▸ EXERCISE PROMPT
For the word "down", report how many lines of the records below contain it, and nothing more.

Content starts

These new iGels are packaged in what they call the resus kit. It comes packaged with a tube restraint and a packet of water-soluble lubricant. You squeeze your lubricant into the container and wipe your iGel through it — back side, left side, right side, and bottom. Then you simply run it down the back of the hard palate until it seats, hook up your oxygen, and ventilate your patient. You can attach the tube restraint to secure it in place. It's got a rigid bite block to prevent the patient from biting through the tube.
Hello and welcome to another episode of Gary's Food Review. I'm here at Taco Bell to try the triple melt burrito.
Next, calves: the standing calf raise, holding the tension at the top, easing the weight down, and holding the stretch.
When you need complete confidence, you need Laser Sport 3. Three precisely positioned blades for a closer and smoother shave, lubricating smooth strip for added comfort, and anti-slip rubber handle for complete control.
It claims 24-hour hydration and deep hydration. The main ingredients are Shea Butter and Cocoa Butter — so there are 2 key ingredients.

Content ends

▸ YOUR RESPONSE
2